Collected data:
+===+

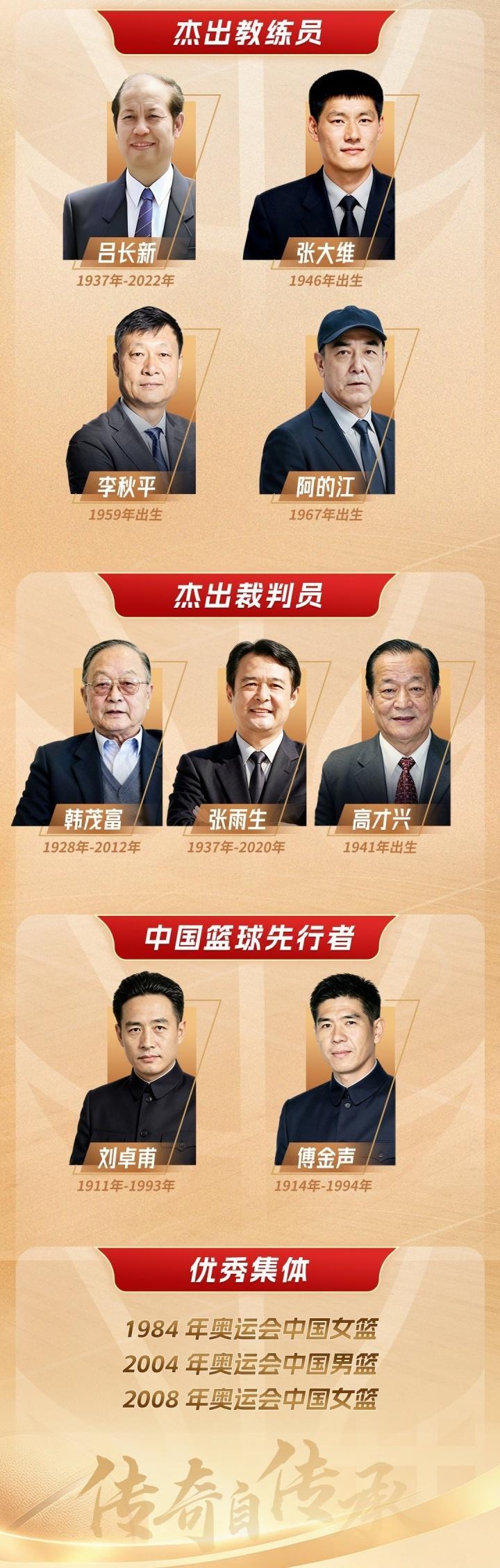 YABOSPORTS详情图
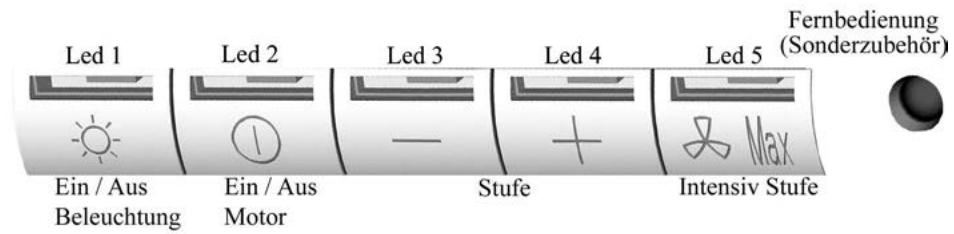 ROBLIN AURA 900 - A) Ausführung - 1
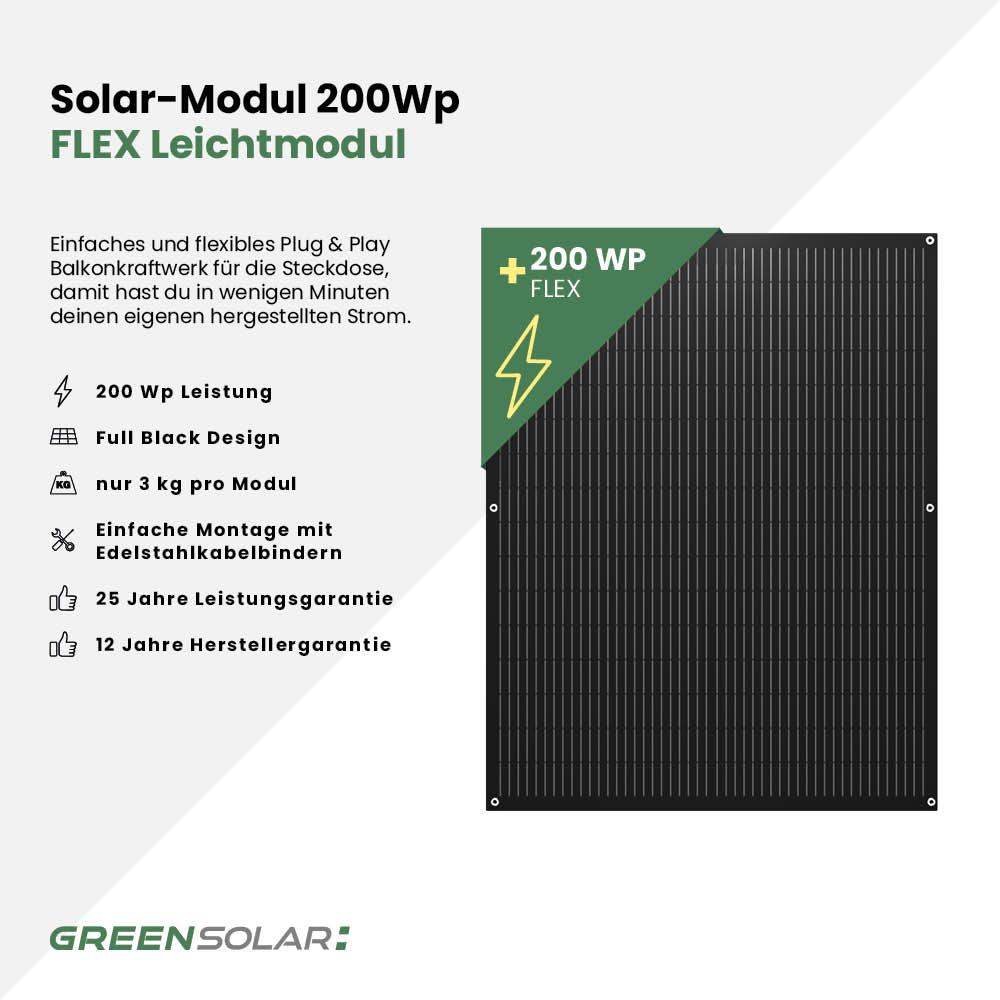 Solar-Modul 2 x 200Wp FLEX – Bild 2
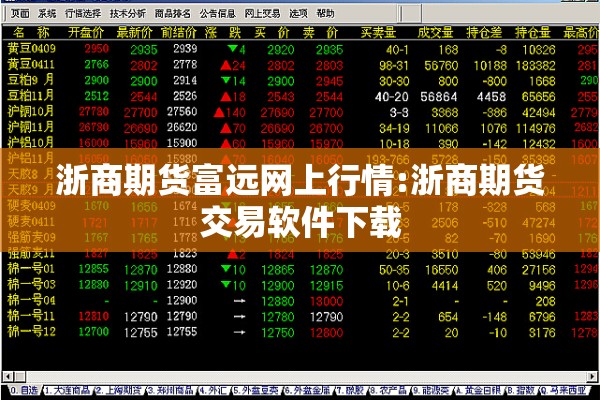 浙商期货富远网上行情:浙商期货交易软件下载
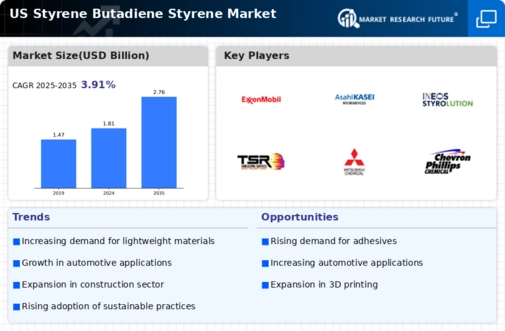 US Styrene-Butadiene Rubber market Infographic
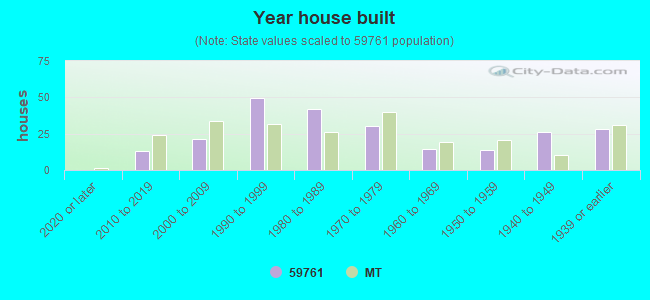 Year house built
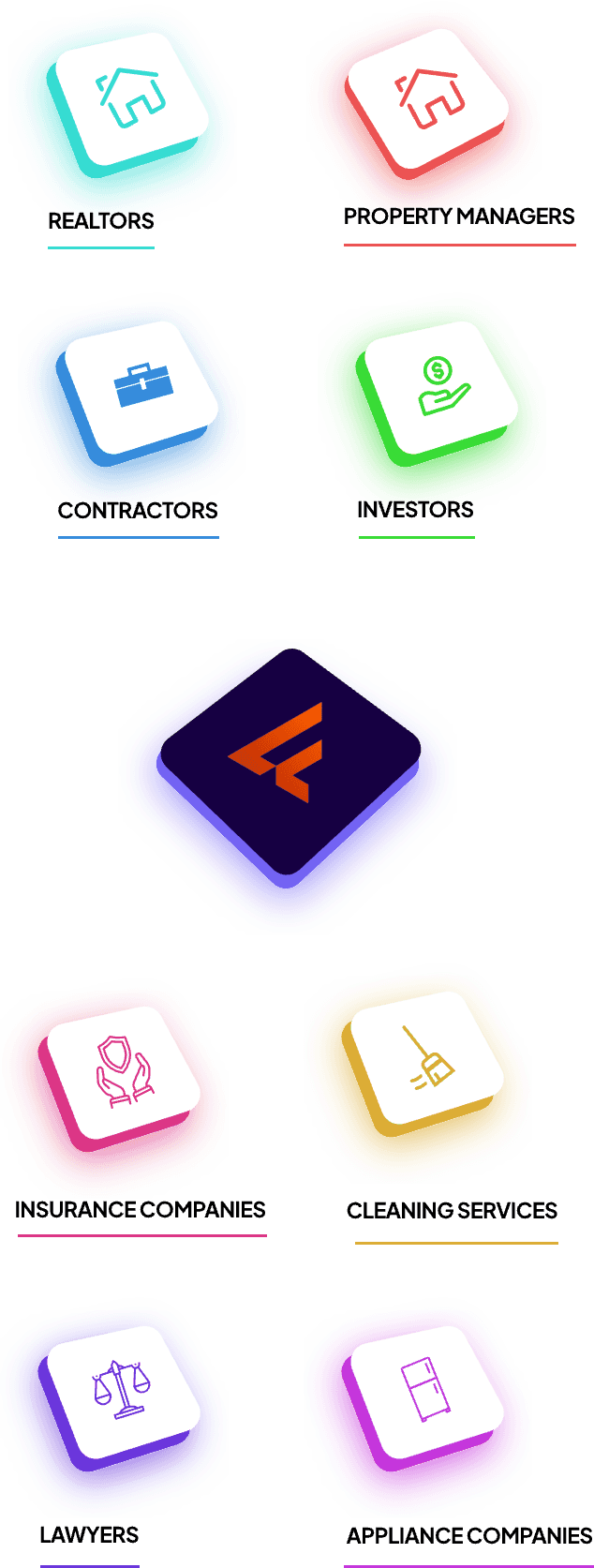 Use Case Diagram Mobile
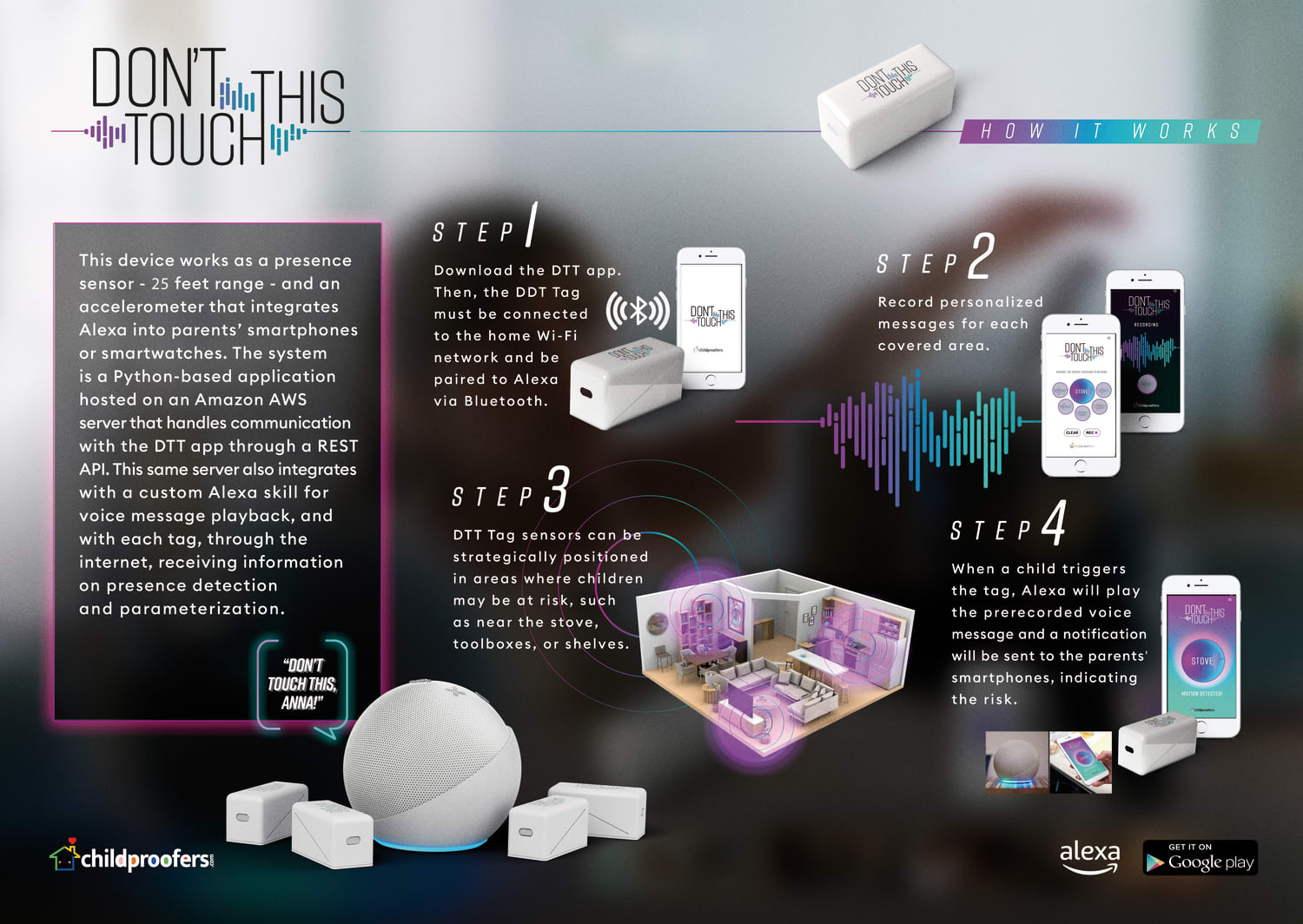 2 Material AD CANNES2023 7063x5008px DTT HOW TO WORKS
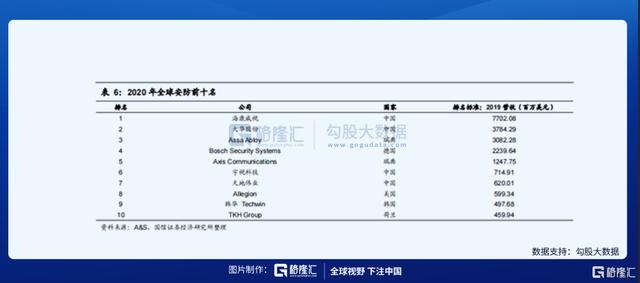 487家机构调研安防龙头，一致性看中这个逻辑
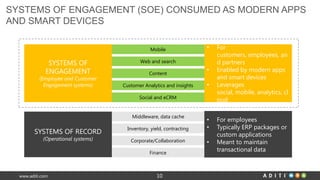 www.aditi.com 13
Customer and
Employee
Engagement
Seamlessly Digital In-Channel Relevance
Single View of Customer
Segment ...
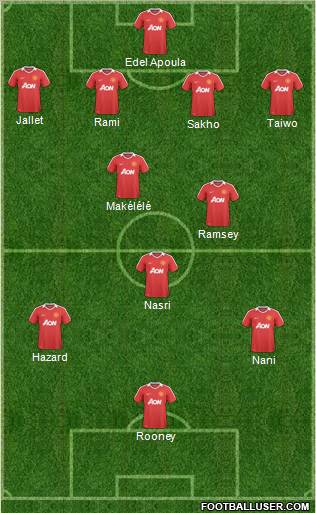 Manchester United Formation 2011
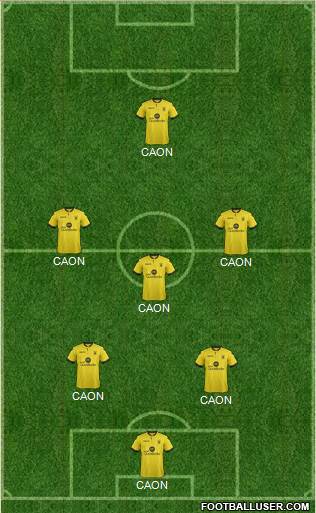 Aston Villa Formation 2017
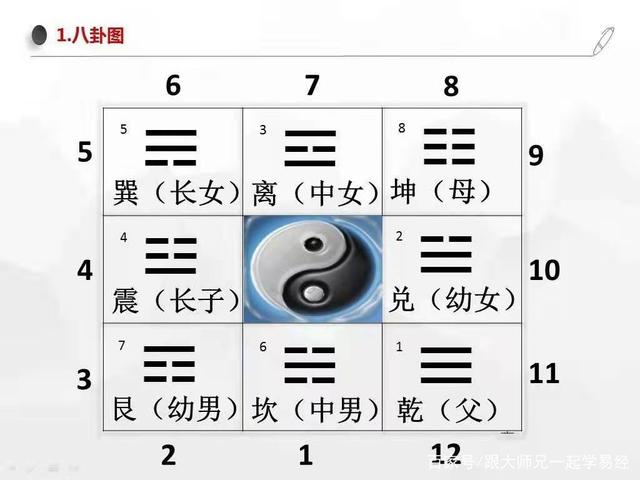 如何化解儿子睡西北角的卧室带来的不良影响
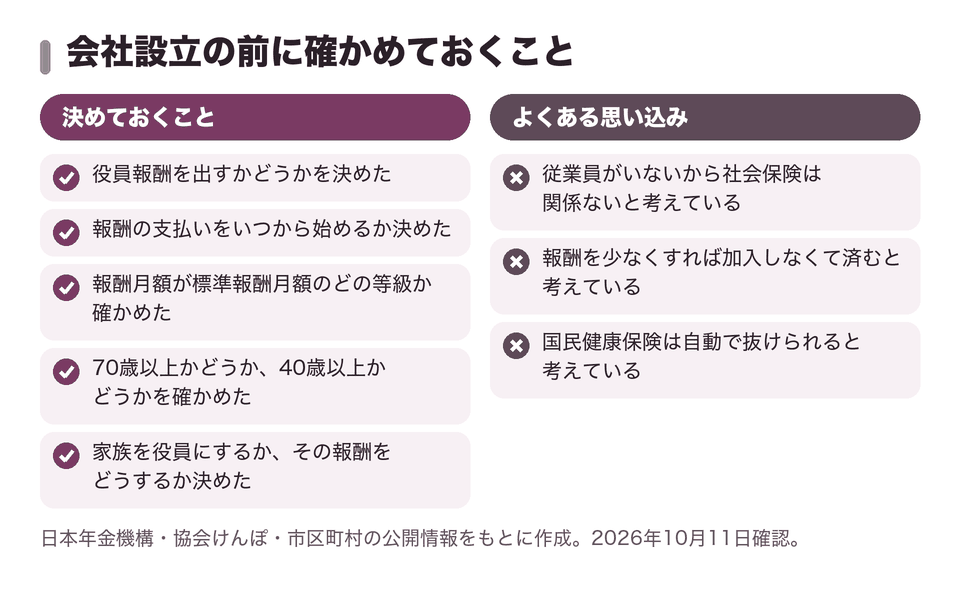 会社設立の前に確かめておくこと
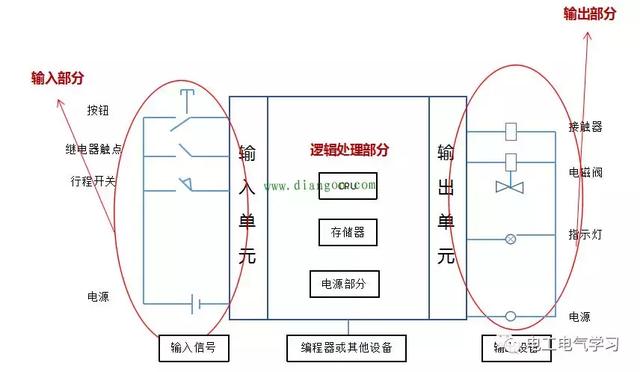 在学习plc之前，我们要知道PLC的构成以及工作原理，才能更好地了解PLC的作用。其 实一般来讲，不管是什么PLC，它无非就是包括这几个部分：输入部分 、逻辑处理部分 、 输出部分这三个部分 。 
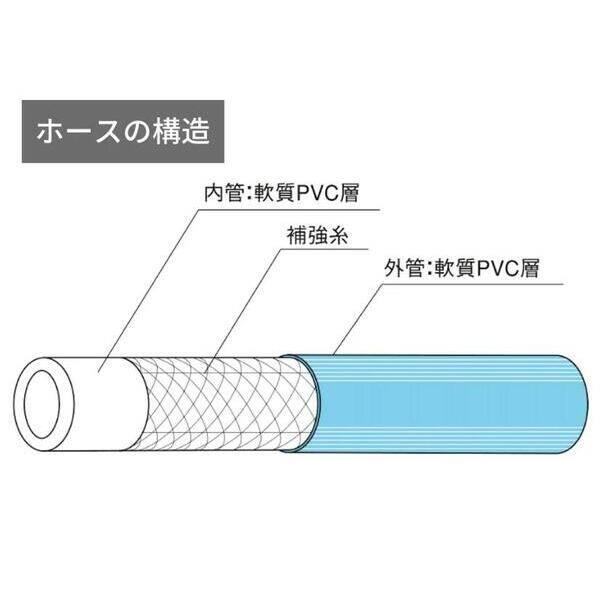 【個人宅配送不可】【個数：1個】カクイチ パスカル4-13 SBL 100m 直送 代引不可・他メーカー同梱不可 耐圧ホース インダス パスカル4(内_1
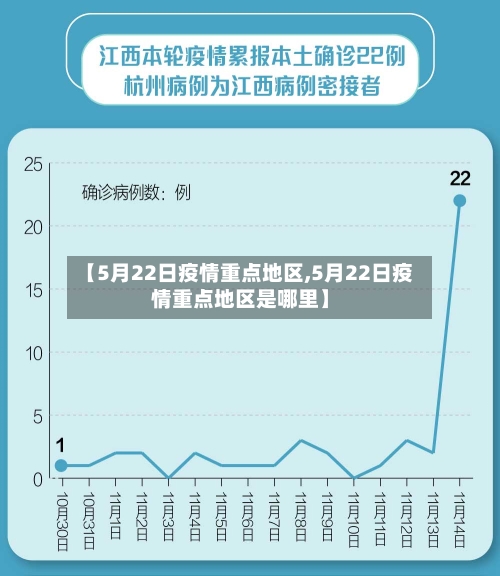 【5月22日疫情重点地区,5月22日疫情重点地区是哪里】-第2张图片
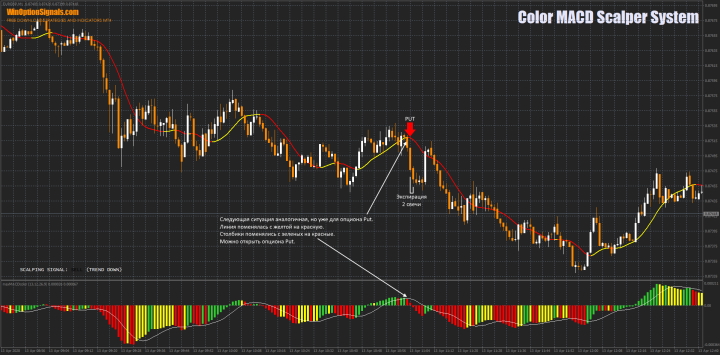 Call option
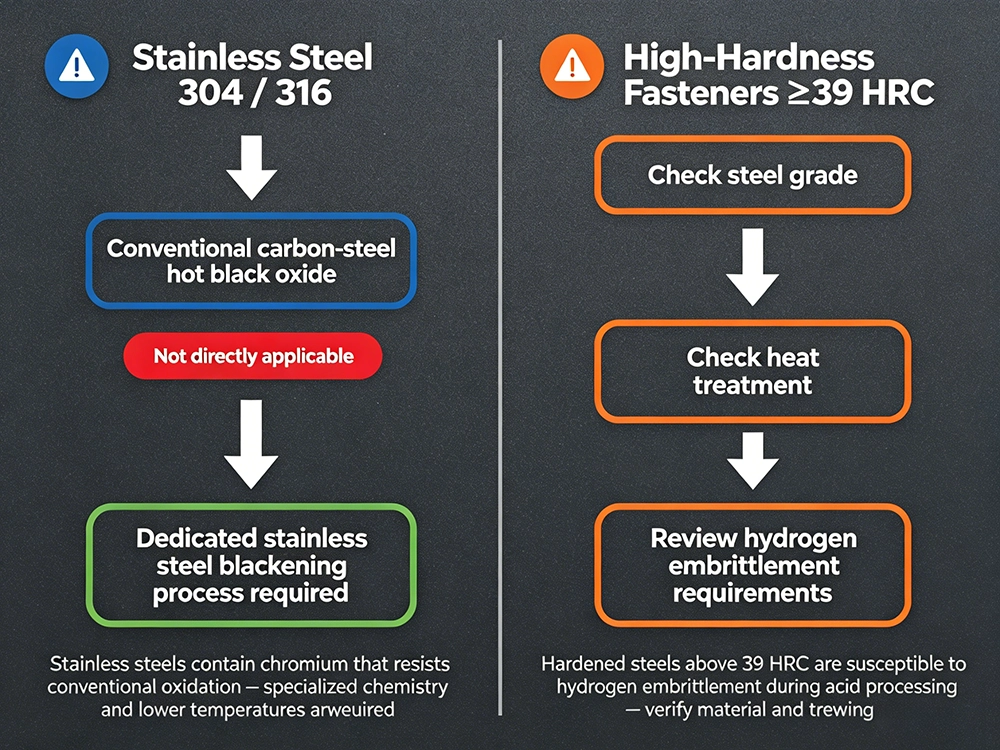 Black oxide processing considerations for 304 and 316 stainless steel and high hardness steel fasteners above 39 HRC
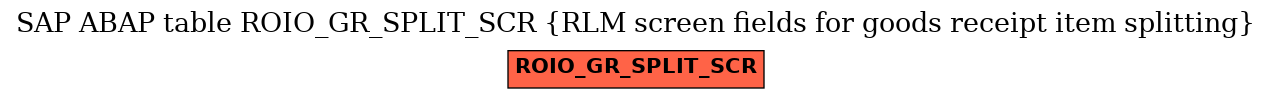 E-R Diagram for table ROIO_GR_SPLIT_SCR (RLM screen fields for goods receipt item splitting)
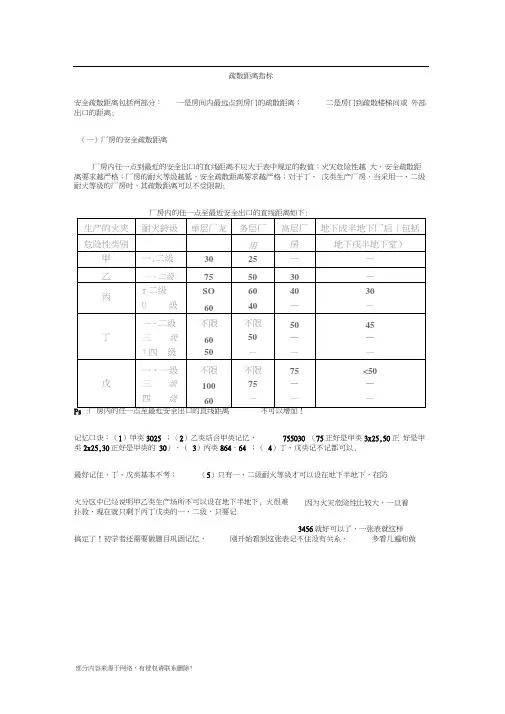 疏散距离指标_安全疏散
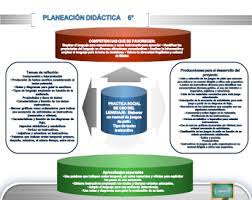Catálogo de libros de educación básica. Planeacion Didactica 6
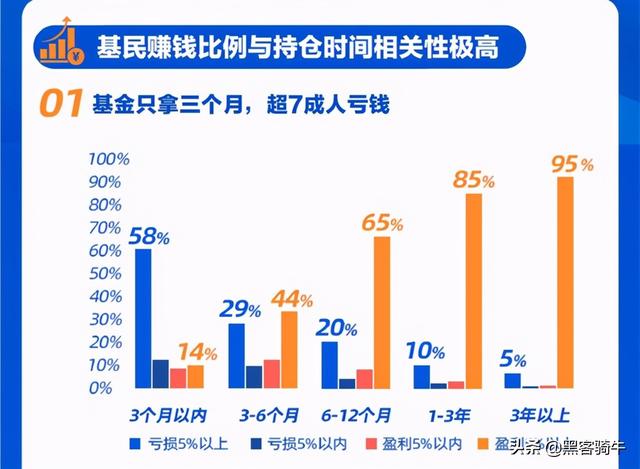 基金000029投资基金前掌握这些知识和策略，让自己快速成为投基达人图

+===+

INSTRUCTIONS TO FOLLOW: In the data above, find the line containing "会社設立の前に確かめておくこと" and the line containing "Black oxide processing". Copy exactly the stretch from the first through the second, both included, leaving out any picture.

FINISHED TASK:
 会社設立の前に確かめておくこと
 在学习plc之前，我们要知道PLC的构成以及工作原理，才能更好地了解PLC的作用。其 实一般来讲，不管是什么PLC，它无非就是包括这几个部分：输入部分 、逻辑处理部分 、 输出部分这三个部分 。 
 【個人宅配送不可】【個数：1個】カクイチ パスカル4-13 SBL 100m 直送 代引不可・他メーカー同梱不可 耐圧ホース インダス パスカル4(内_1
 【5月22日疫情重点地区,5月22日疫情重点地区是哪里】-第2张图片
 Call option
 Black oxide processing considerations for 304 and 316 stainless steel and high hardness steel fasteners above 39 HRC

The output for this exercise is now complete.